By Airman 1st Class Alexus Wilcox | Peterson-Schriever Garrison Public Affairs
PETERSON AIR FORCE BASE, Colo. — Peterson AFB First Sergeants partnered with Pikes Peak Suicide Prevention organizations to host the “Call 4 Action: ’Lean on me‘” event on base Nov. 17, 2020.
The purpose of this event was to provide strategies to navigate situations when someone may be suicidal or in distress, as well as educate people on how to build connections with others to minimize disconnected feelings.
Chief Master Sgt. Robert Rogers, Joint Intelligence Operation Center, senior enlisted advisor, at Fort Worth, Texas and author of “Paperback Mentor” was at the forefront of the event. Rogers began his presentation with a recount of his personal battle with suicide and then led a discussion about connecting with people in all aspects of life.
“What makes you different, makes a difference,” said Rogers. He also emphasized the importance of being mindful of the diverse set of individuals that surround you and how you should make an attempt to understand them. The senior leader then provided some tools to maintain a healthy life using a strategy called the “Three Chamber Hour Glass,” which is illustrated in his book. This is the balance between family, career and self.
“Our Airmen need to see that it is not just them struggling,” said Senior Master Sgt. Shawn Canole, Space Delta 2 First Sergeant. “It is Airmen of all ranks that struggle with mental health and it’s okay to take a knee and get the help they need.”
Canole also introduced the attendees to the First Sergeant initiative, “Who’s your person? Here’s your dog tag.”
The program provides a military member with a dog tag with their contact information to give to an individual (military member or not) to signify that they can contact you when times get tough.
“This [“dog tag”] gesture symbolizes that they are someone you trust and talk to in a dark moment or during a tough time in your life,” said Canole.

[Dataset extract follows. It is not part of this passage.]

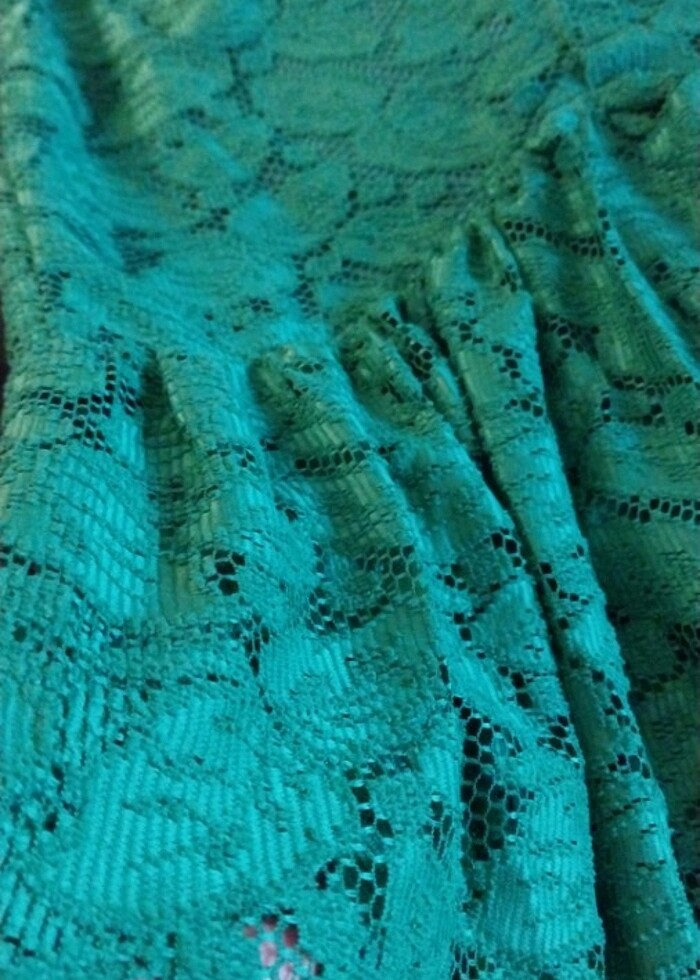 Dantel güpürlü balık elbise - Görsel 5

The final leg of the event was a four-hour portion called “Safe Talks.” During this time attendees were separated into two groups and they were given crisis scenarios to discuss how they would engage the issue.

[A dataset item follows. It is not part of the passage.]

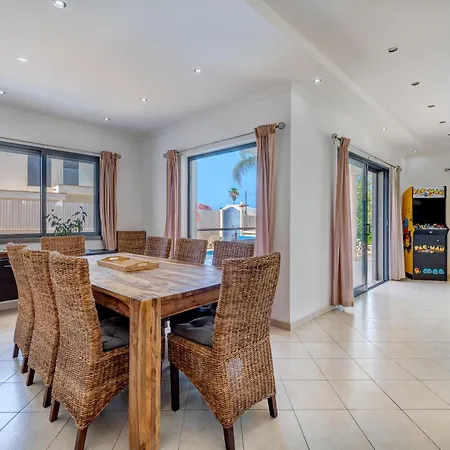 Ruana - 5 Bedrooms On Suite- Free Out Door Hot Jacuzzi - By Bedzy Vila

“They learned how to prevent suicide by recognizing signs, engaging someone and connecting them to an intervention resource for further support,” Canole said.

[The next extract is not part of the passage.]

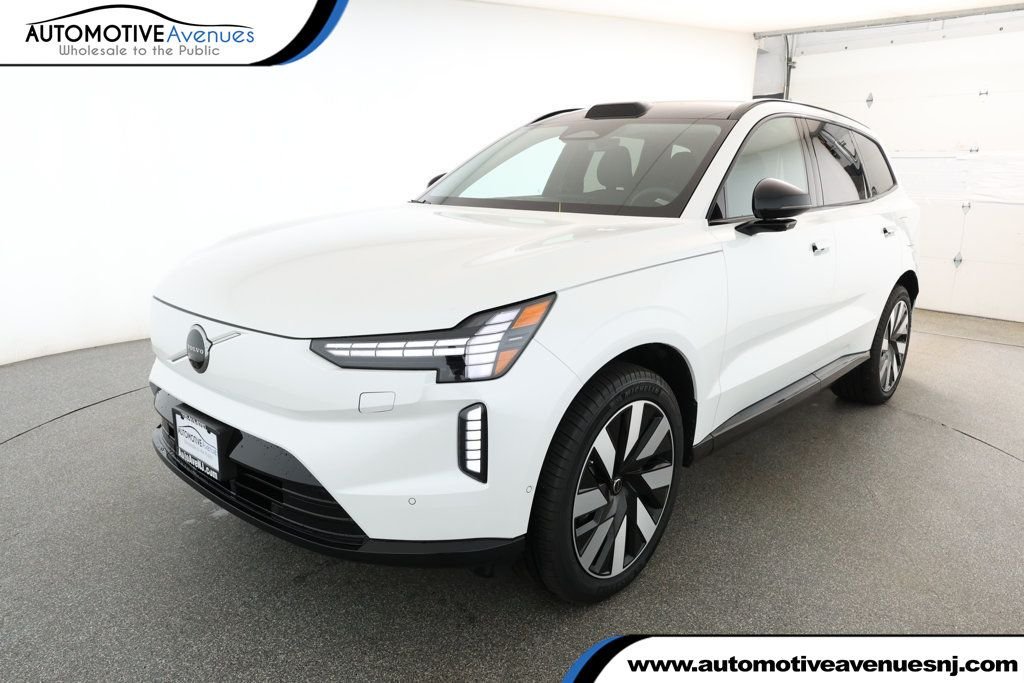 2025 Volvo EX90 Plus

Safe Talk provided attendees with useful strategies to overcome a crisis they may not have been exposed to before and taught them how they may have managed a past crisis differently.
“[In the given scenarios], they’re giving you real experiences that are relatable, and tools that I can use as an assistant First Sergeant for my Airmen in a crisis,” said Tech Sgt. Jesus Gonzalez, 21st Security Forces Squadron, Assistant First Sergeant. “I can also pass down the information I learned [at the event] to other leaders.”